For example, juries determine the type and quantity of
narcotics, whether certain violent crimes result in serious
bodily injury or death, or whether a dangerous weapon was used
to commit a bank robbery. I tried two such cases as a Federal
prosecutor.
If the Court holds the guidelines unconstitutional, then
Congress, with the assistance of the Sentencing Commission,
could designate other factors critical to the sentencing
process that would increase a defendant's sentencing guideline
range and thus require a jury determination beyond a reasonable
doubt. Such factors could include, for example, the amount of
loss in a financial crime case or the number of guns in a gun
trafficking case. Because these facts typically are already
part of the proof in the guilt phase of a criminal trial, I
believe that requiring juries to decide these issues would
require little additional effort on the part of the various
parties to the criminal trial process.
On the other hand, I do not believe that juries should be
called upon to decide the many other factors now contained in
the sentencing guidelines. A single case can give rise to 5,
even 10 or more specific issues under the guidelines, including
alternative base offense levels, specific offense
characteristics, upward adjustments and upward departures.
Oftentimes, some of these factors are not fully developed
or even known about until just before, during or after the
trial. It is doubtful that a system requiring juries to decide
all of these issues would be workable, let alone desirable.
Instead, sentencing guideline ranges could be calculated
based on the offense of conviction, as well as other critical
factors either found by a jury or admitted by a defendant
during a guilty plea. The size of the guideline ranges could be
broadened to allow judges to take into account all the other
aggravating factors that are relevant to the sentencing
decision, such as role in the offense, the use of a special
skill, or obstruction of the prosecution.
Numerical values could continue to be assigned to these
factors and could serve as non-binding guidance on how these
factors should presumptively be taken into account in
determining the defendant's sentence. This sort of sentencing
system would satisfy several competing objectives.
First, it would preserve substantial uniformity in the
sentencing of similarly situated offenders. Second, it would
preserve the jury's role in determining the basic facts that
are essential to determining maximum punishment. Third, it
would maintain the basic structure of the current guideline
system with relatively narrow ranges of presumptive punishment
for Federal crimes.
Fourth, it would allow for a reasonable degree of judicial
discretion in determining the ultimate sentence. Fifth, it
would be relatively feasible to implement. And, finally, it
would be constitutional, for it would satisfy Blakely's
requirement that factors that increase a defendant's maximum
punishment be proven to a jury beyond a reasonable doubt.
Thank you.
[The prepared statement of Mr. Vinegrad appears as a
submission for the record.]
Senator Sessions.

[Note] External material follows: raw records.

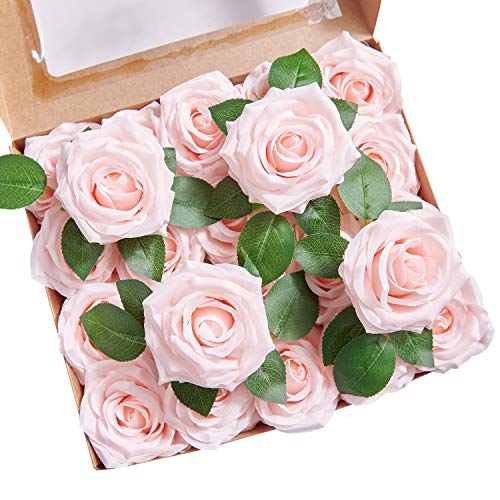 Yuzz Artificial Roses Flowers Fake Silk Roses Heads 25pcs With Stems Realistic Artificial Silk Roses For Wedding Centerpieces Bridal Show Bouquets Party Home Diy Flowers Decoration Silk Flower Arrangements
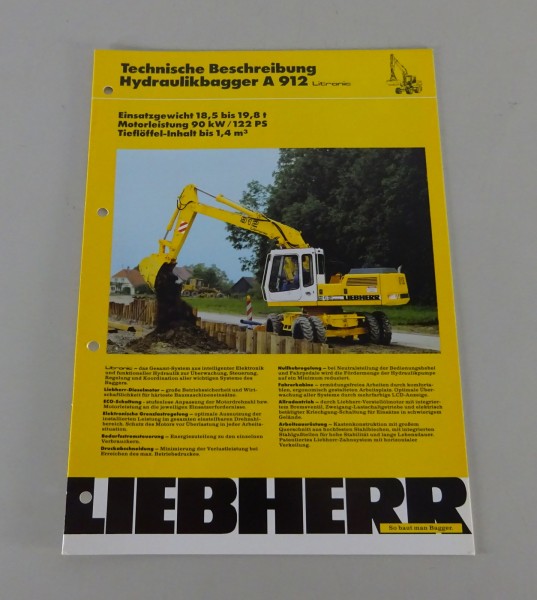 Prospekt Liebherr Hydraulikbagger A 912 Litronic Technische Daten Stand 12/1991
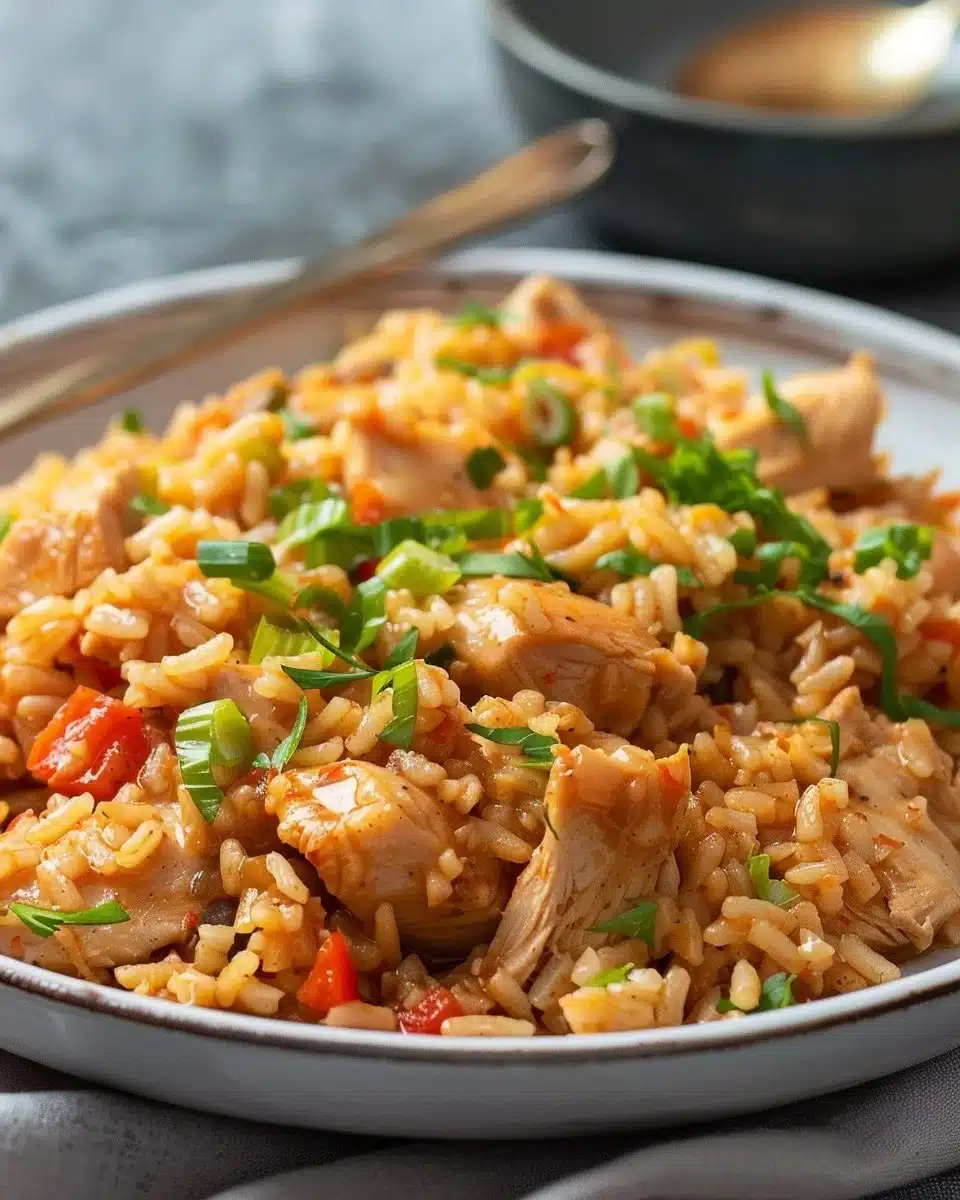 Plate of the best smothered chicken and rice recipe with savory gravy
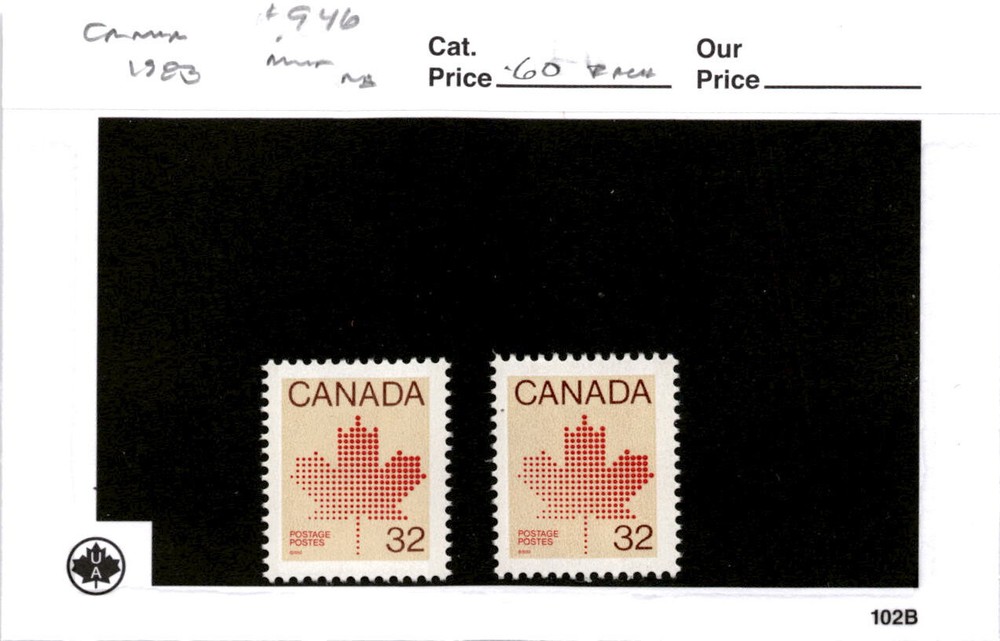 Canada, Postage Stamp, #946 (2 Ea), 1983 Maple Leaf (AC)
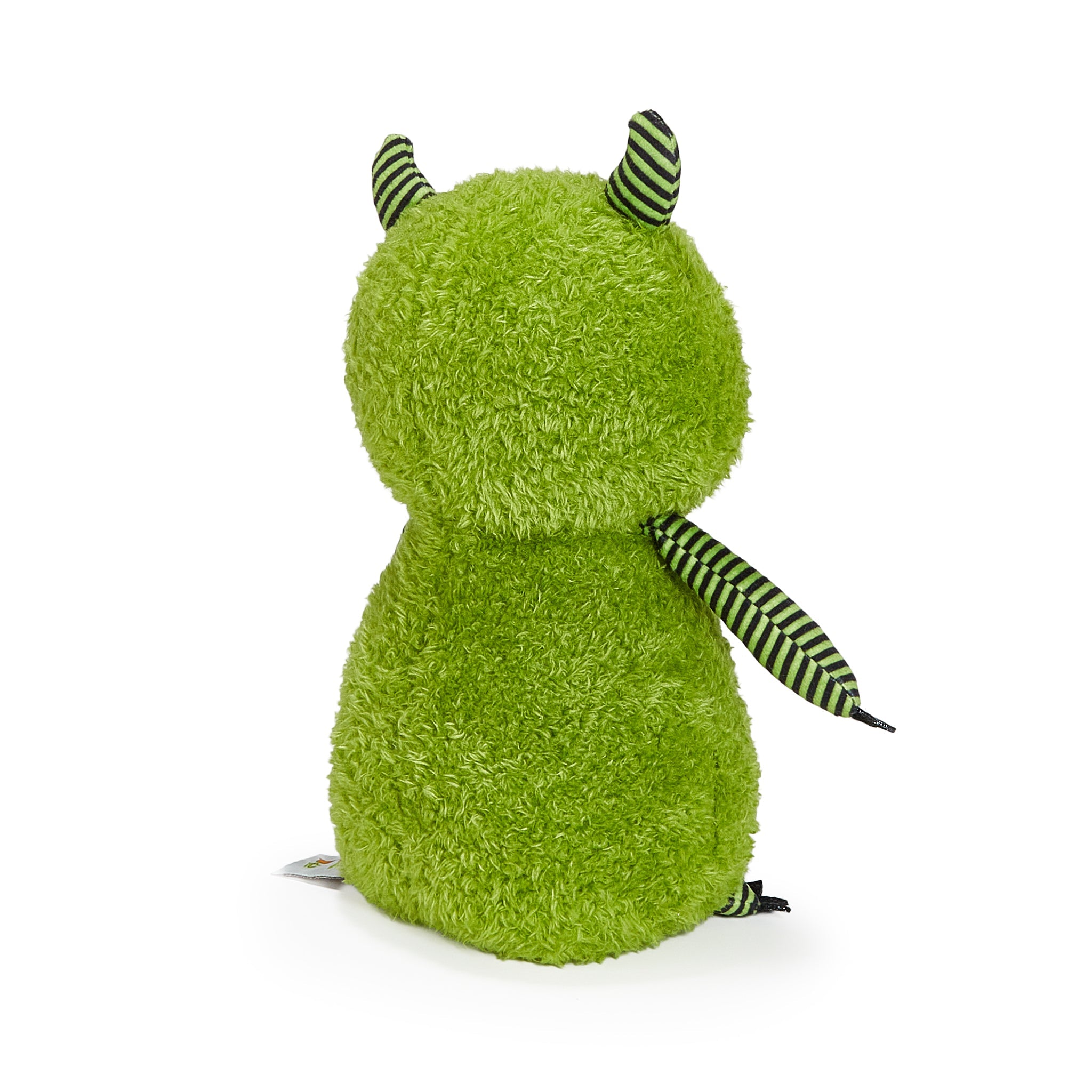 Green plush monster toy with black and white striped horns on a white background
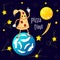 Cartoon piece of pizza in cosmos planet Earth on a background of a cheese moon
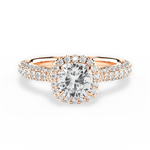 Lucy Cushion Cut Lab Grown Diamond 18Kt Rose Gold Engagement Ring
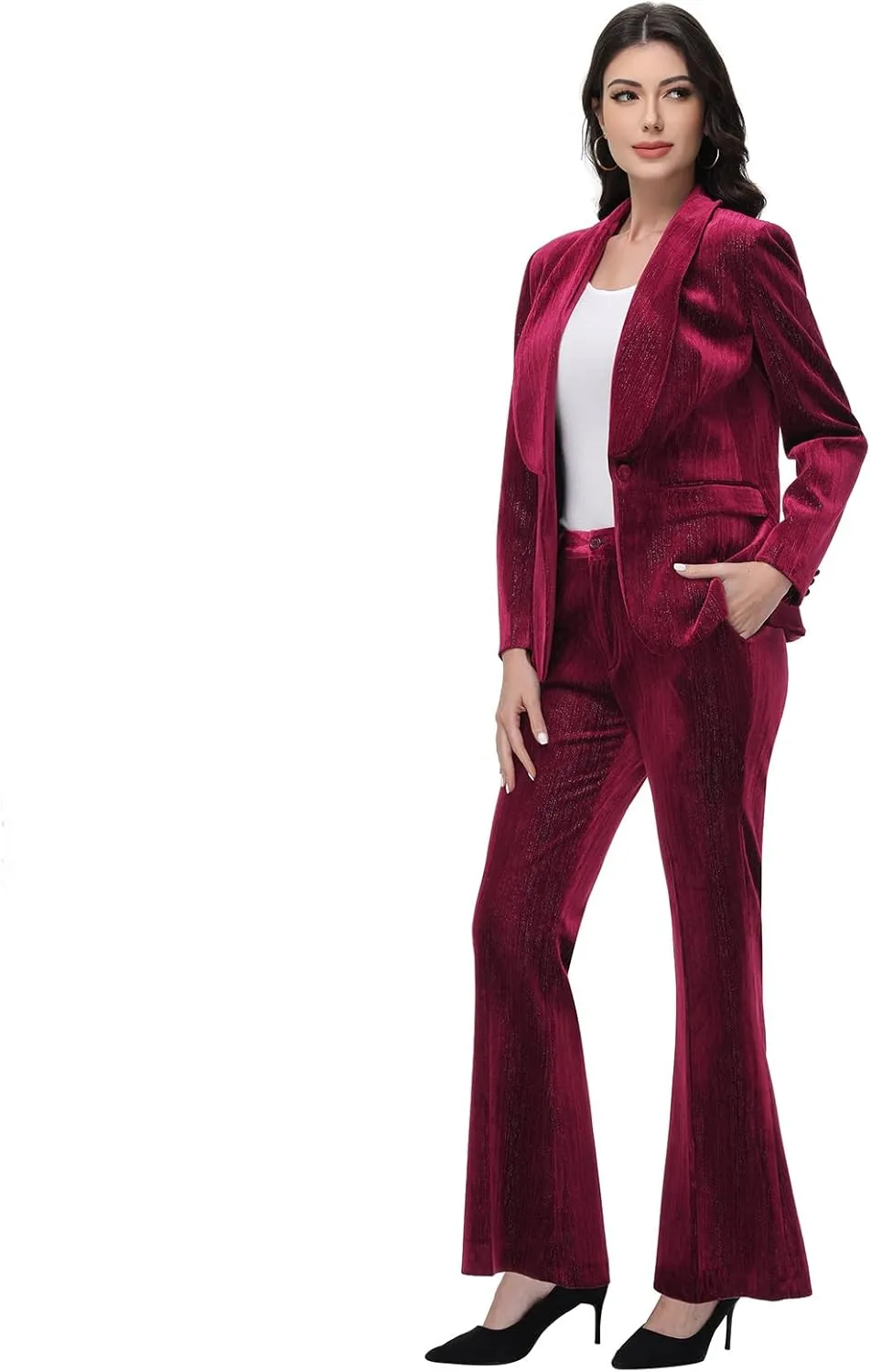 Lamgool Women Pantsuit Dressy Silver Thread Velvet 2 Piece Suit Set Blazer and Flared Pants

Thank you. That was a very thoughtful
discussion and I appreciate it very much.
Mr. Vinegrad, I don't know if just cutting the baby in half
is a good solution here.
Mr. Vinegrad. Somebody told me that was the that kind of
thing that happens in these halls.
Senator Sessions. Well, we have decided this matter. Five
members of the Supreme Court have apparently declared that the
Sixth Amendment to the Constitution says that judges can't
consider factors to be used in sentencing, that it has to be
decided by a jury, which is contrary to our history, and
contrary to American policy. Anybody who has ever been in a
courtroom knows that.
Many States do not have guidelines at all, correct? I will
ask you, Mr. Vinegrad and Mr. Bowman. You all have practiced. A
jury comes in and renders a verdict, and the maximum penalty is
1 to 20 years and the judge renders a sentence. Isn't that
correct?
Mr. Vinegrad. Yes, although an increasing number of States
not only have guidelines, but others--and I believe Mr. Weich
said this--have statutory schemes, like the one in New York,
which do give increasing levels of punishment for certain types
of crimes.
Senator Sessions. Well, that is the way we have always done
it. I mean, the Congress has always put the penalties there. We
do have jury involvement in some areas, but fundamentally
judges sentence.
In the past, Mr. Bowman, you couldn't even appeal. As long
as a judge sentenced within the statutory limit, you couldn't
appeal. Isn't that correct?
Mr. Bowman. Certainly, prior to 1987, in the Federal
system, you really couldn't appeal. Indeed, the courts of
appeals that ruled on the question customarily said that they
lacked jurisdiction to reconsider the sentence of a district
court judge within the statutory maximum so long as that
decision was not based on some unconstitutional factor. That is
certainly correct, Senator.
Senator Sessions. That is the deal, so I am not giving up
on this opinion. I think Justice O'Connor is going to prevail
because her logic and her history is so compelling.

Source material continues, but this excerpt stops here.